Advantages and disadvantages of SaaS

Favorable

SaaS offers many advantages over traditional software licensing models. Since the software does not exist on the licensing company’s servers, there is little need for the company to invest in new hardware.

It’s easy to deploy, easy to update and debug, and can be less expensive (or at least has a lower upfront cost) because users pay for SaaS as they go, rather than buying multiple licenses. software for multiple computers.
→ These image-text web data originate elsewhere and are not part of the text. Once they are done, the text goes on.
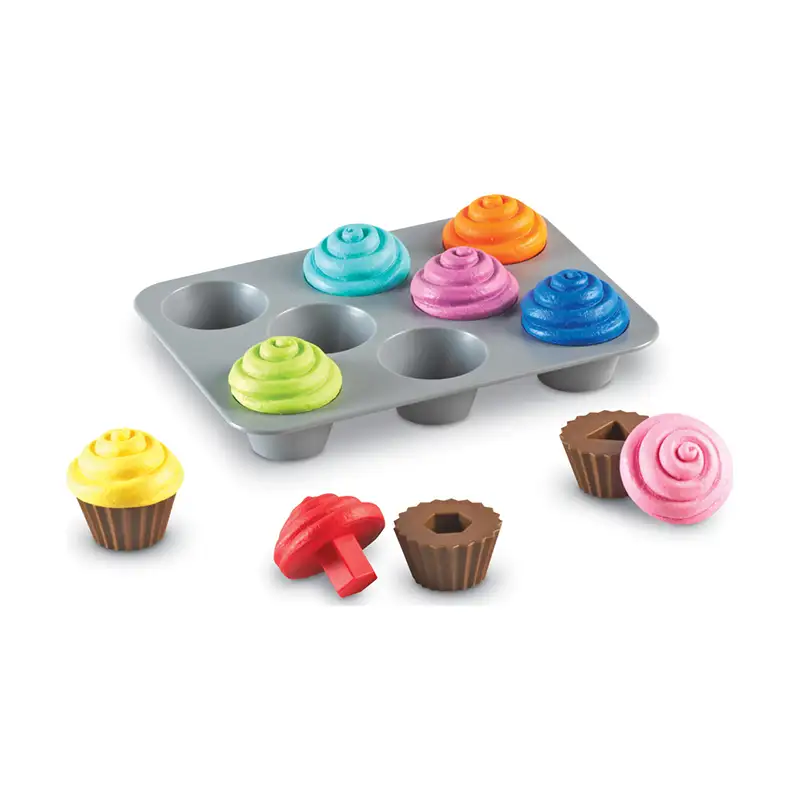 Learning Resources Ler7347 Cupcakes Con Formas Inteligentes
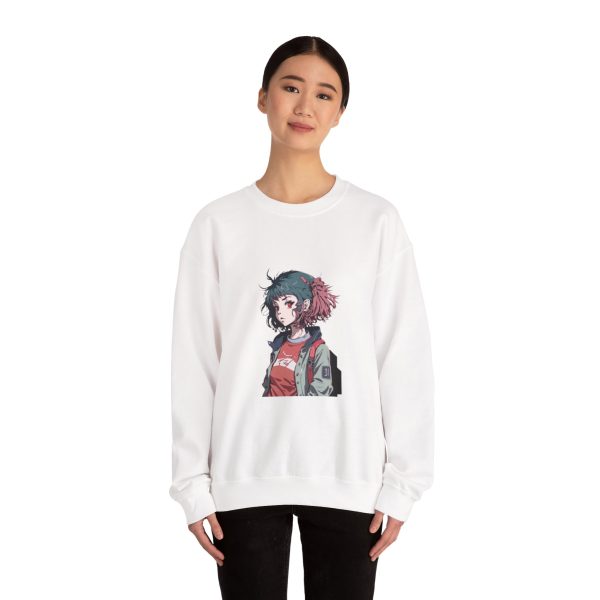 Anime-Inspired Unisex Crewneck Sweatshirt - Casual Style for Every Day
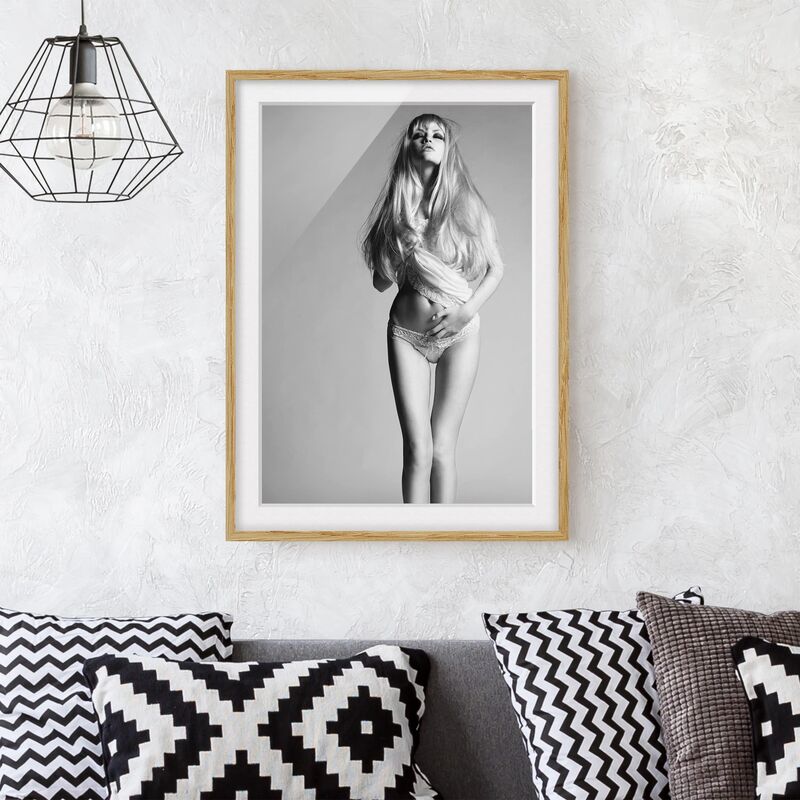 

Póster enmarcado - Feeling Comfortable Dimensión LxA: 100cm x 70cm, Marco: Roble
SaaS has many applications, including:

  • email service
  • audit function
  • Automatic registration of products and services
  • Document management, including file sharing and document collaboration
  • Shared corporate calendar, which can be used to schedule events
  • A customer relationship management (CRM) system, which is basically a database of customer and prospect information. SaaS-based CRM can be used to keep company contact information, business activity, purchased products as well as track leads.

The types of software that have moved to the SaaS model often focus on enterprise-class services, such as human resources. These types of tasks are often collaborative in nature, requiring employees from different departments to share, edit, and publish documents while not necessarily in the same office.

Defect

The limitations to SaaS adoption revolve around data security and speed of delivery. Since data is stored on external servers, companies must ensure that the data is secure and cannot be accessed by unauthorized parties.

A slow Internet connection can degrade performance, especially if the cloud server is being accessed from a long distance. Intranets tend to be faster than Internet connections. Due to its remote nature, SaaS solutions are also out of control and lack customizability.

Advantages of SaaS

  • Accessible from anywhere
  • cost effective
  • Easy to deploy, update and debug
  • Easy to scale

Disadvantages of SaaS

  • Increased security risk
  • slower speed
  • Lose control
  • Lack of customization

Example of SaaS

Google Docs

One of the simplest real-world examples of SaaS is Google Docs, Google’s free online word processor.

To use Google Docs, all you need to do is sign in to a web browser for instant access. Google Docs lets you write, edit, and even collaborate with others anywhere.

Google Docs was launched in October 2012.

Dropbox

Dropbox is another simple example of a real-life SaaS. Dropbox is a cloud storage service that allows businesses to store, share, and collaborate on files and data. For example, users can back up and sync photos, videos, and other files to the cloud and access them from any device, no matter where they are.

Dropbox was founded in 2007.

SaaS vs. IaaS vs. PaaS

Products and services continue to grow rapidly. But in general, they fall into one of three main categories: SaaS, IaaS, and PaaS.

SaaS typically uses the Internet to provide subscription software services managed by a third-party vendor. Well-known SaaS examples include Dropbox, Google Workspace, and Salesforce.

Meanwhile, infrastructure as a service (IaaS) provides access to resources like servers, storage, storage, and others. It allows organizations to purchase resources as needed. Some popular examples of IaaS include Amazon Web Services (AWS), Microsoft Azure, and Rackspace.

Finally, a platform as a service (PaaS) provides a software development platform on the web. Specifically, it allows developers to focus on creating software without worrying about things like storage and infrastructure.

Frequently asked questions about SaaS

What is SaaS Marketing?

SaaS marketing uses standard marketing methods to promote and attract potential customers for information services and cloud-based software applications.

What is B2B SaaS?

B2B SaaS simply refers to companies that sell software services to other businesses. These products help organizations optimize multiple functions including marketing, sales, and customer service.

How is the MRR calculated for a SaaS business?

Monthly recurring revenue (MRR) is an important metric for SaaS businesses that use a monthly subscription pricing model.

The MRR calculation is simple: multiply the average revenue per customer by the total number of accounts for that month.